The prevalence of long-term visual sequelae of methanol poisoning in our study was significantly higher than the prevalence of visual disturbances at the time of discharge from hospitals after acute methanol intoxication, when the ophthalmological examination has not been routinely performed. Altogether, 40% of examined patients had abnormal morphological and functional findings complying with the criteria of long-term visual damage due to acute methanol poisoning at the follow-up examination 3–8 months after discharge. We found functional evidence of remyelination of the optic nerve over at least two consecutive years after acute methanol-induced optic neuropathy. The process of remyelination occurred in the cases of mild to moderate damage of myelin sheaths in the optic nerve. No improvement of conductivity was found in severe cases. Both the severity of initial myelin damage and the dynamics of remyelination were associated with degree of metabolic acidosis and severity of methanol poisoning. The functional evidence of axonal loss was found in 26% of the patients after methanol-induced optic neuropathy. No patients with initial abnormal amplitudes of evoked complex recovered to normal values. In 5–9% of patients initially normal amplitudes became abnormal and in a further 7% the abnormal amplitudes deteriorated during a two-year follow-up period indicating the chronic process of neuronal degeneration. 
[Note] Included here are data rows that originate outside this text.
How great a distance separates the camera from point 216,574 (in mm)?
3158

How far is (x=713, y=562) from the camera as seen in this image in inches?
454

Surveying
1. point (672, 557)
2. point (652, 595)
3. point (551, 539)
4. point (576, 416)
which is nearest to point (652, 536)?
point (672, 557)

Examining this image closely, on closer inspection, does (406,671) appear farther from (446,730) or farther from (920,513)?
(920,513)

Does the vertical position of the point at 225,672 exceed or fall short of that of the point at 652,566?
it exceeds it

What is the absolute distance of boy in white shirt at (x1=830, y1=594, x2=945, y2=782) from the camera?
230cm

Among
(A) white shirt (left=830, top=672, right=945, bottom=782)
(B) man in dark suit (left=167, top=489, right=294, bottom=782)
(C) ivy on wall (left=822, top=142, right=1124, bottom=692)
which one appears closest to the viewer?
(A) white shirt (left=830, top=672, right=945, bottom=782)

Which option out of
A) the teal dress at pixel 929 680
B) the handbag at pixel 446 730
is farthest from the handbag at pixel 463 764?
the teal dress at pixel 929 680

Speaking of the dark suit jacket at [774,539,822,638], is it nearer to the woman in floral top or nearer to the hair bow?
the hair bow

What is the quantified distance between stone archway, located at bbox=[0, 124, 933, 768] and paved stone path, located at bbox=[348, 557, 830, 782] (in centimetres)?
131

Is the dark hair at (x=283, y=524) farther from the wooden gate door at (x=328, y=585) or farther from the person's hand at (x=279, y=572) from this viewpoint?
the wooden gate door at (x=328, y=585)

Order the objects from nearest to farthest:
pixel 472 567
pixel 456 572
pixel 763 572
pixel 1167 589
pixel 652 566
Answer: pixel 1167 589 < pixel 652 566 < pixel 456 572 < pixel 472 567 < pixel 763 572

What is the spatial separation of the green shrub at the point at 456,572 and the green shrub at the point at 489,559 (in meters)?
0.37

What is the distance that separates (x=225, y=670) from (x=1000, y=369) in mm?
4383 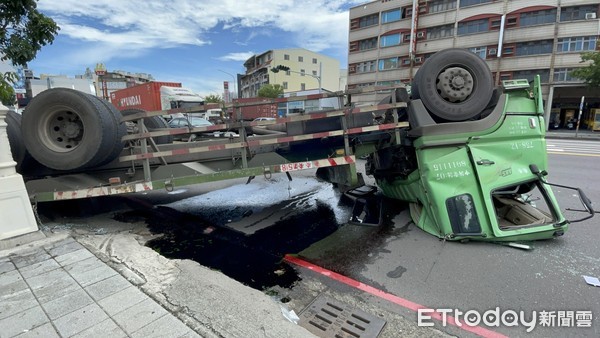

The prevalence of long-term CNS sequelae of acute methanol poisoning was clearly underestimated at discharge from hospital, when a brain imaging examination was not performed. MR examination at follow-up revealed brain lesions in 52% of the survivors in our study, mostly bilateral necrosis of the putamen; other vulnerable regions were the globus pallidus, brainstem, and subcortical white matter, mainly in the frontal and parieto-occipital regions. Brain hemorrhagic lesions were more prevalent than the non-hemorrhagic ones, with two thirds (63%) of all cases with CNS sequelae detected with MR of the brain. No association between brain hemorrhages and systemic anticoagulation during dialysis was found: brain hemorrhages occurred in patients with and without systemic anticoagulation. Although the CT/MR features of necrotic lesions in the basal ganglia could already be found within the first 2–3 days of hospitalization, the hemorrhagic constituent evidently appeared later, sometimes after 10–14 days of hospitalization, as the final stage of the developing pathologic process, even though formic acid was eliminated by dialysis during the first hours of hospitalization.